When viewed in a light most favorable to the trial court’s finding, Michelle A.’s testimony supports a rational inference that defendant used a firearm to aid in the commission of the sexual offenses charged in counts 13 through 17. As the court in People v. Dominguez (1995) 38 Cal.App.4th 410 (Dominguez) explained concerning a similarly worded statute, “The evidence is sufficient to prove the use of a firearm where there is some type of display of the weapon, coupled with a threat to use it which produces fear of harm in the victim. ‘... [A] firearm is displayed when, by sensory perception, the victim is made aware of its presence. Once displayed in such fashion, the threat of use sufficient to produce fear of harm becomes a use of that firearm proscribed by Penal Code sections 12022.5....’ (People v. Jacobs [(1987)] 193 Cal.App.3d [375, ] 381.) There is no requirement the victim actually see the gun. (Id. at p. 381, fn. 3.)” (Dominguez, supra, 38 Cal.App.4th at p. 421, italics added.) Applying that formulation of the use requirement in section 12022.5, the Dominguez court concluded that the “evidence supported the firearm use. The threat here was to ‘kill’ the victim, not merely to hurt him. Under these circumstances, the sensation of the cold steel cylindrical object at the back of the victim’s neck, coupled with the threats to ‘kill’ and the resultant fear of harm, was sufficient evidence to support a jury finding of the use of a firearm [or deadly weapon]. (People v. Jacobs, supra, 193 Cal.App.3d at p. 382; People v. Green [(1985)] 166 Cal.App.3d [514, ] 517.)” (Dominguez, supra, 38 Cal.App.4th at p. 422.)

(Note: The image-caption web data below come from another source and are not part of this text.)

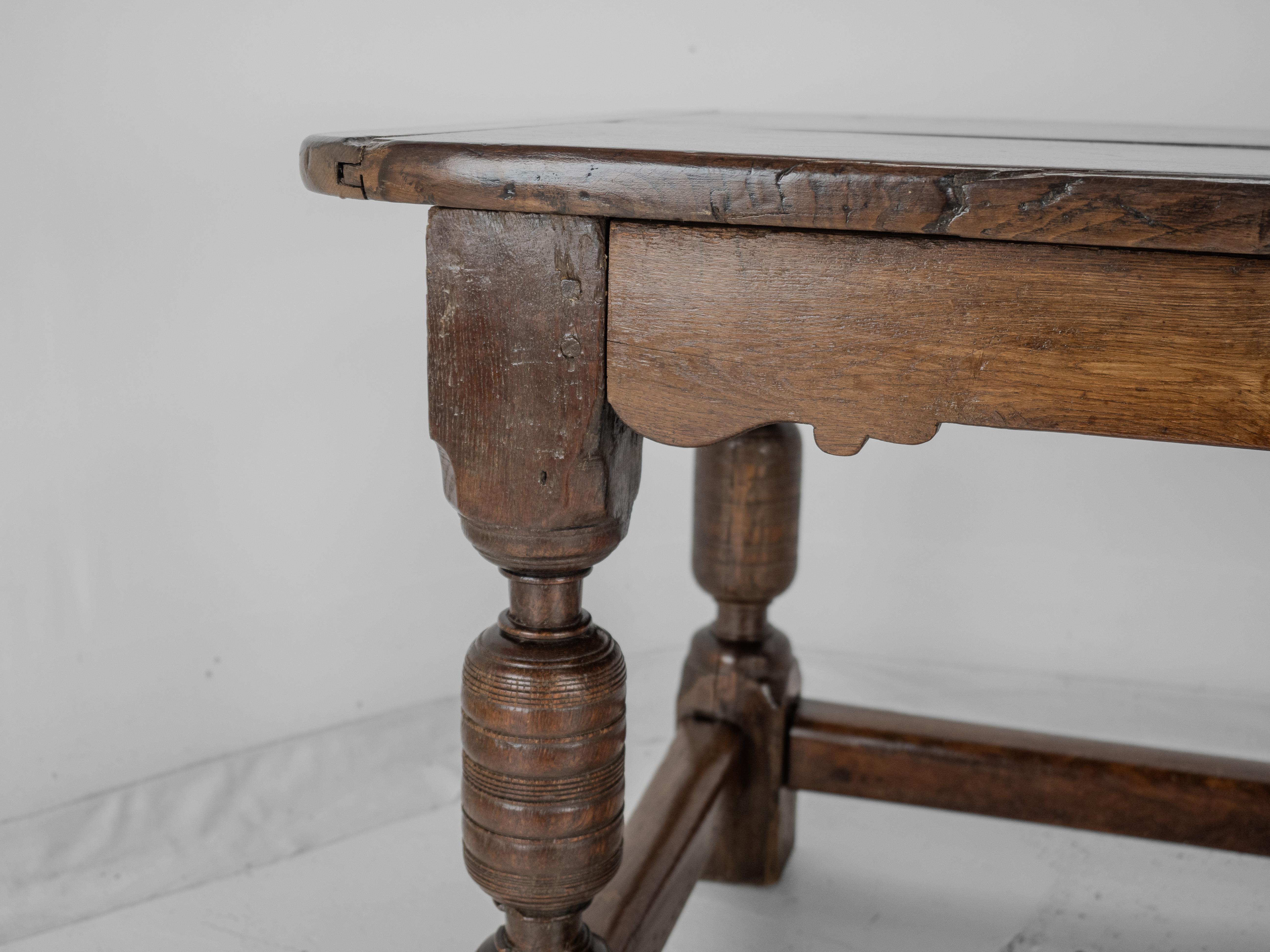 17th and 18th Century Oak Refectory Dining Table (Carolean, Jacobean, Georgian) in vendita 11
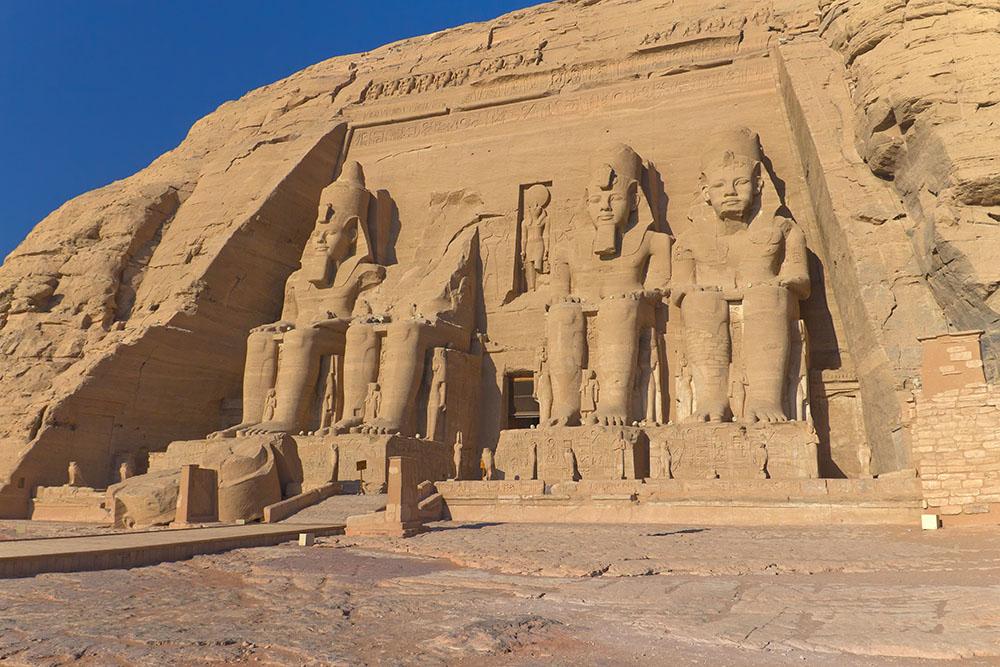 Abu Simbel Temple of King Ramses II Wall Mural Wallpaper - Canvas Art Rocks - 1
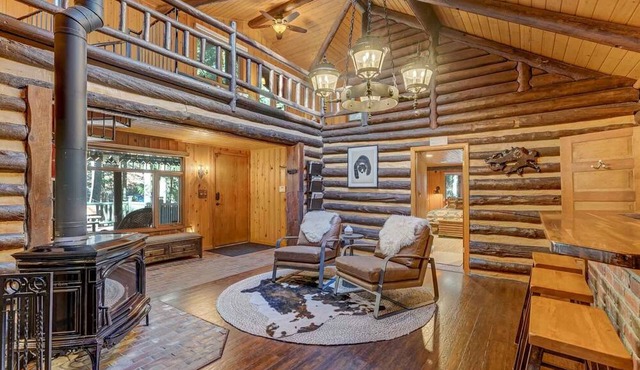 Creekside Cabin w/ Hot Tub! 2 minutes to hiking trails!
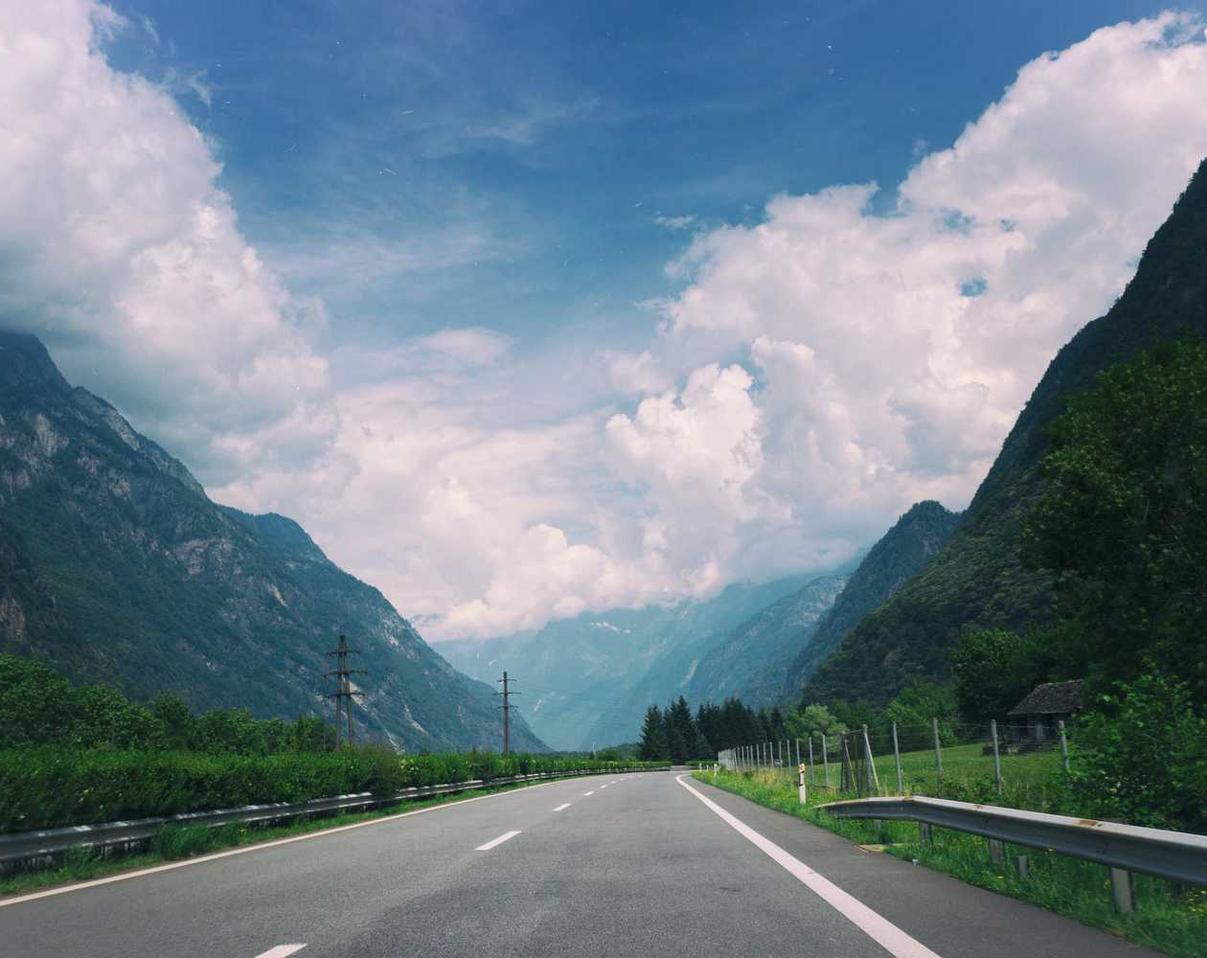 ORIS豪利时巴黎：联通卡代理平台是什么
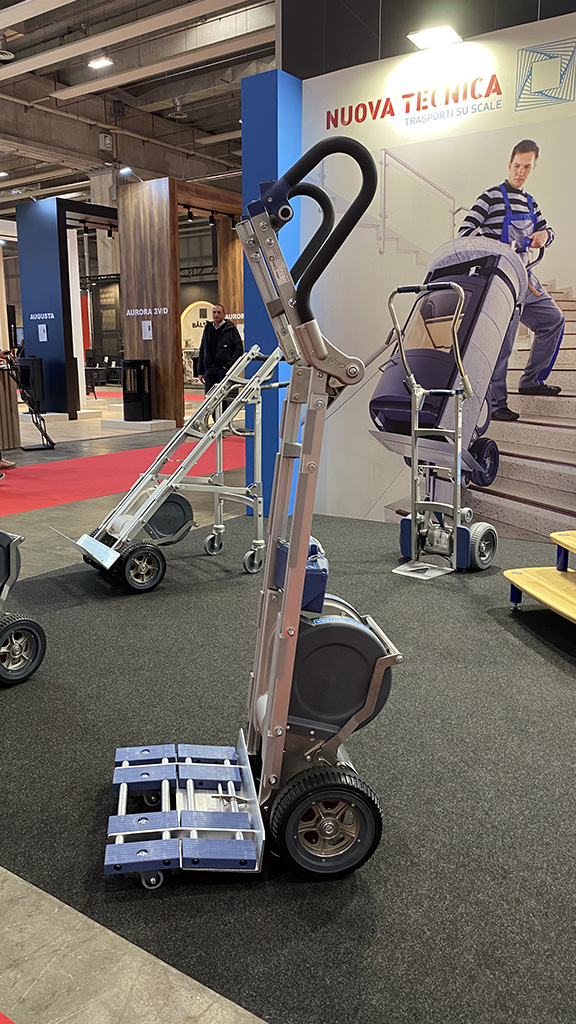 carrello saliscale elettrico Platinum 360F con piastra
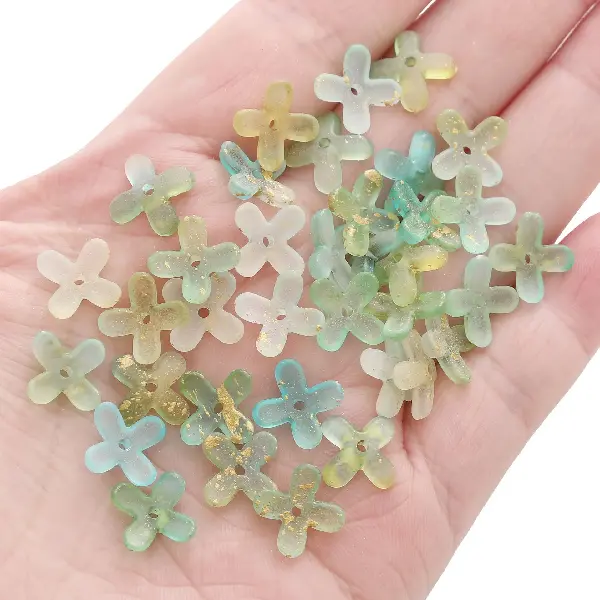 Green and yellow non-connected -9mm hole diameter about 1mm 10g/pack about 80 pieces,chaincharmsupply.com
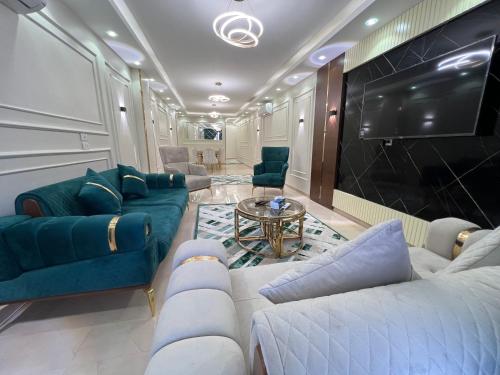 Stylish Super Deluxe 4BR apartment, 10 min to pyramids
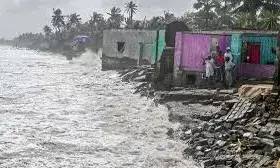 Cyclone Montha LIVE Updates: Heavy Rains Lash Telangana; Red Alert in 3 Districts, 2 Dead in Andhra Pradesh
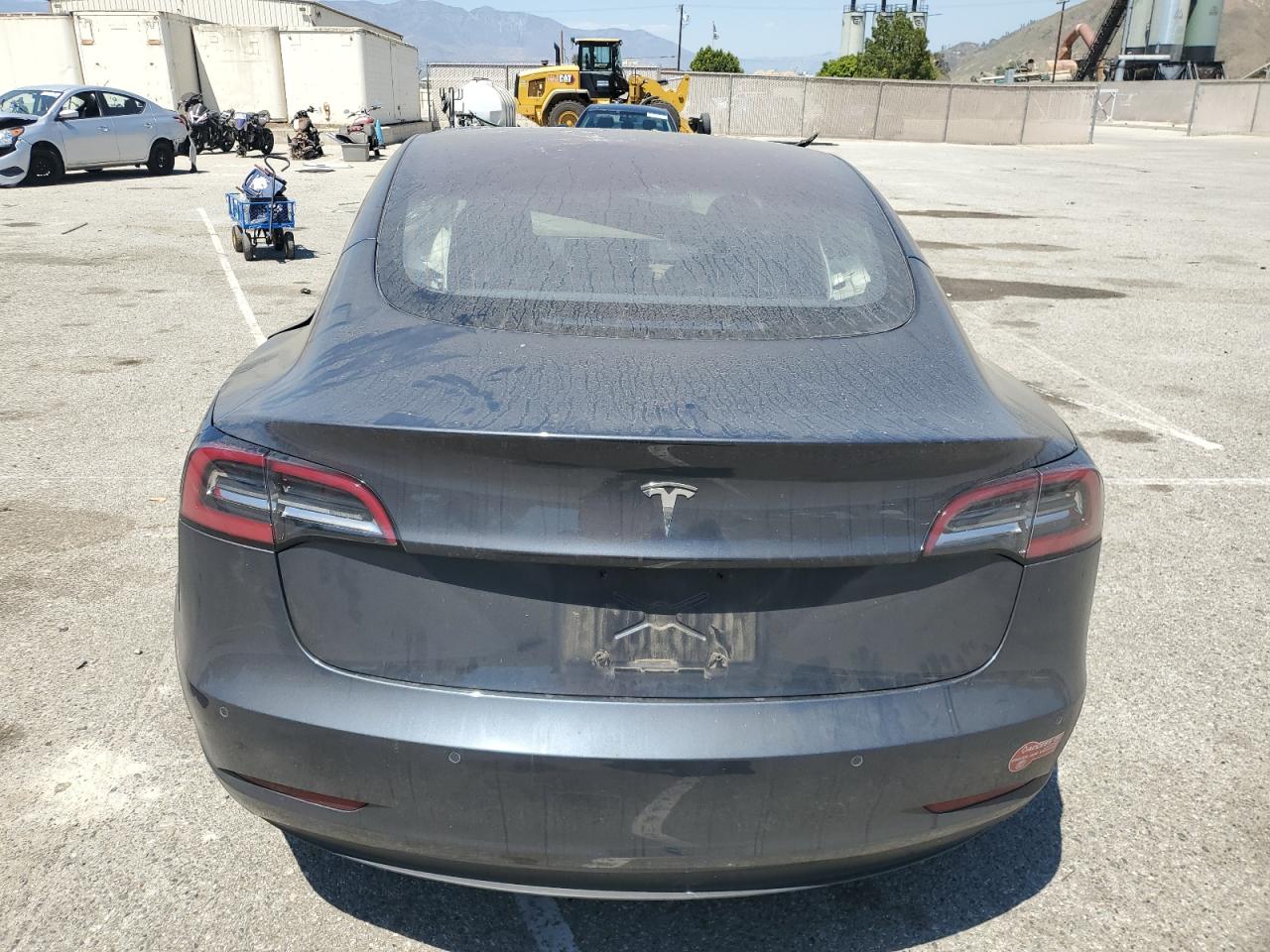 2018 Tesla Model 3 VIN: 5YJ3E1EA1JF005961 Lot: 61679724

California courts interpreting section 12022.3 have relied upon cases construing an earlier, similarly worded statute, section 12022.5. “‘Where a statute is framed in language of an earlier enactment on the same or an analogous subject, and the enactment has been judicially construed, the Legislature is presumed to have adopted that construction. [Citation.]’” (People v. Masbruch, supra, 13 Cal.4th at p.1007.)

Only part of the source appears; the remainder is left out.